Show Me the Story! – Writing Tips

Show don’t tell.

There are things in life that need to be chewed on for some time before the light bulb comes on and we enter the realm of understanding. Showing and not telling is one of the things that took a while for me to understand. Since the light bulb has come on, my writing has not been the same.

But what does this mean? Let me give you an example.

“Charlie was furious”.

This is a line you might come across in your own writing, or at least phrases like this. These phrases describe a scene, but fall unequivocally short of painting what is happening inside the character. This tells what has happened – Charlie was furious. This does not allow us to get to know the character to advance the story. Albeit, it might be a justifiable fury, but in the end if falls short to enrapture the reader in the tale you are in the process of spinning.

So, how do you show something without telling it? Glad you asked. Let’s revisit Charlie in the “furious” scene.

Charlie ran as fast as he could after Harry, but the older boy was much faster and was soon out of sight, cackling as he sprinted over the hill. Charlie punched his fist. He roared and raged kicking the dirt and screamed obscenities which echoed across the green glen.

Here, we are not sure what happened to evoke such anger, but the action is what pulls us in. The action of punching, screaming, kicking, and the echoing obscenities. Whatever it was, it made Charlie furious. But I didn’t say that now did I?

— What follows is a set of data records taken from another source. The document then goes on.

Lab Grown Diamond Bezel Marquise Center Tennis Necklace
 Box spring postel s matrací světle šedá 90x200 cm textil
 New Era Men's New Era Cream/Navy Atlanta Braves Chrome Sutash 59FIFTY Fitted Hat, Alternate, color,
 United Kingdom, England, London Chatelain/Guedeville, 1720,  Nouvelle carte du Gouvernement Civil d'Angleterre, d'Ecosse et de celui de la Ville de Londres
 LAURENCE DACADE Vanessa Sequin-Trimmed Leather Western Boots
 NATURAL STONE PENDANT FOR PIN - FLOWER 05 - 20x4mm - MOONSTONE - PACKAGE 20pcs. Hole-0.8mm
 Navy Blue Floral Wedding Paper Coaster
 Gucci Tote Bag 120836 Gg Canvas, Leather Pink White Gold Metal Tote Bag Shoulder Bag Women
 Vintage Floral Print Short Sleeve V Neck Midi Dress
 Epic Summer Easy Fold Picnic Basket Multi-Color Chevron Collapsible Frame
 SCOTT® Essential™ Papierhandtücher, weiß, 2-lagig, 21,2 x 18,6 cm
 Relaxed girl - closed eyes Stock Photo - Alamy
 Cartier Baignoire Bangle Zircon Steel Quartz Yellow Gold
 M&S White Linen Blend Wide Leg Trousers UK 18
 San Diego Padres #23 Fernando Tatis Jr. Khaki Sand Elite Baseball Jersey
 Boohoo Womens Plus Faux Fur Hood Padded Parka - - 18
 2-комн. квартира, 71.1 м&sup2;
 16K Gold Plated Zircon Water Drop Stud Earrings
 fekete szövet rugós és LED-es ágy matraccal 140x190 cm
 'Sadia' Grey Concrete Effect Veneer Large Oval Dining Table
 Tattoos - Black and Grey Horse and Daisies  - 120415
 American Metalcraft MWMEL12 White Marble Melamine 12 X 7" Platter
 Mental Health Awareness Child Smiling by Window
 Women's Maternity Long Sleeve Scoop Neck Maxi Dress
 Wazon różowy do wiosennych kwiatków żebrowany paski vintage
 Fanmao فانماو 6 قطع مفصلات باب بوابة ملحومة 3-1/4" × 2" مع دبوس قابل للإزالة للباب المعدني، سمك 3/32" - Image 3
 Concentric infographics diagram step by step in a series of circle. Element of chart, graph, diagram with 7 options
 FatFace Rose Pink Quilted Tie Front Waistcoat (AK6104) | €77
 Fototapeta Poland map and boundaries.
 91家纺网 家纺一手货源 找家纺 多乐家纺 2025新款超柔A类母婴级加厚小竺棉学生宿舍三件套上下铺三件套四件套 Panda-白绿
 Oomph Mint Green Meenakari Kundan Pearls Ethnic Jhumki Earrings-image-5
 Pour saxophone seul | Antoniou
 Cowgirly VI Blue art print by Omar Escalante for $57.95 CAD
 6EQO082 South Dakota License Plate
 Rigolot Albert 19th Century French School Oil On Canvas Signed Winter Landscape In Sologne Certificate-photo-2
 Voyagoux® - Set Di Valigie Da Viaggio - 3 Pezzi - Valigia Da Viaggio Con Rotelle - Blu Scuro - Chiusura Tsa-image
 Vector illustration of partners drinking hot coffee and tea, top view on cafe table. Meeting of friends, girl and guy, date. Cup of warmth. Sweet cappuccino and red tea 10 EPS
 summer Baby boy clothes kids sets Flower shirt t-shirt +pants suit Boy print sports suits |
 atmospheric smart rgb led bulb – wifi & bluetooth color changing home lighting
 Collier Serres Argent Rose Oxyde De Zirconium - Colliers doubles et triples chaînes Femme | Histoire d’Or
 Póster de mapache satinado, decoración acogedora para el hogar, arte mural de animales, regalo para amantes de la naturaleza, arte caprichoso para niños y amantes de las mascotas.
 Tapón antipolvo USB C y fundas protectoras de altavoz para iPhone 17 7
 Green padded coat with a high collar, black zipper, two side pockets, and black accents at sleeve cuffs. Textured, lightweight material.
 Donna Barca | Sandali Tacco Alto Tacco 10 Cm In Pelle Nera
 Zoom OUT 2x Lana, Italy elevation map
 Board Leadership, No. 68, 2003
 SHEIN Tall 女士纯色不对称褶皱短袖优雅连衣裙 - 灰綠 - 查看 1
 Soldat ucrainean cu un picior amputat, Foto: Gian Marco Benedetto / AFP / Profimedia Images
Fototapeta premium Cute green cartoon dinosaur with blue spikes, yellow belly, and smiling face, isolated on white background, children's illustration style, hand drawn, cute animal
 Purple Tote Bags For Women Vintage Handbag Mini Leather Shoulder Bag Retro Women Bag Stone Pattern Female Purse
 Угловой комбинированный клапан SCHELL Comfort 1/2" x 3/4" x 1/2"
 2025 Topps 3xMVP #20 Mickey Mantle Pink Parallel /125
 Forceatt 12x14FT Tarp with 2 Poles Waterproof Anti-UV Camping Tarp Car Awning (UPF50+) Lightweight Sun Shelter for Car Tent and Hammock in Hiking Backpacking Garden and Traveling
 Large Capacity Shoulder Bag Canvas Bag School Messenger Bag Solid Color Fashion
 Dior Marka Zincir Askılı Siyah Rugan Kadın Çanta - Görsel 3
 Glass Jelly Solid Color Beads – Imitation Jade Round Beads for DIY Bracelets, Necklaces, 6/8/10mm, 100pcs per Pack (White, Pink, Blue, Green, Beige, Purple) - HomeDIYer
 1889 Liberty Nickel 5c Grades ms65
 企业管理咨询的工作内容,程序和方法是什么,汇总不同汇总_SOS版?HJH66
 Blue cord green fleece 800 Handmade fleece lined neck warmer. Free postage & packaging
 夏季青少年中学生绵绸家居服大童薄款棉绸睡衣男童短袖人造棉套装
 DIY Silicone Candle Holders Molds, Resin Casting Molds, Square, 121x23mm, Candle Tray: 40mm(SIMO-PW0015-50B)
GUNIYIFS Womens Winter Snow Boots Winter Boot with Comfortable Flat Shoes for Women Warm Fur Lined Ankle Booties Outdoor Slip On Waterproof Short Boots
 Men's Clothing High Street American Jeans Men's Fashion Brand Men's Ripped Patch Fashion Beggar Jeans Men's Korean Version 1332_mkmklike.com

I hope you found this brief tip and example helpful.

I also hope you have time to enter your writer’s world this weekend.

Keep writing my friends.

3 thoughts on “Show Me the Story! – Writing Tips

  1. Pingback: Use Dialogue to Advance Your Plot « Part-Time Novel

  2. Your revision definitely pulls me into the story.
    What do you think about “show AND tell”? Often in novels I’ve noticed how the author tells a bit in order to save pages of a less-than-important plot–telling that time passed and where the next action is headed.
    But like always–keep the telling short.

    1. Daniel, sorry for the delay in getting back with you.

      You know, I have heard it both ways. Authors often have a paragraph about recap or what happen in the past chapter but I have reviewed a few books and the modern novel gets right to the showing for sure. But I tend to see what is trending in books currenrly and write that way. It sounds like selling out but I am trying to tell a story and I want people to want to read it. Thus I have to succumb to the modern form: Abbreviated and Show-y.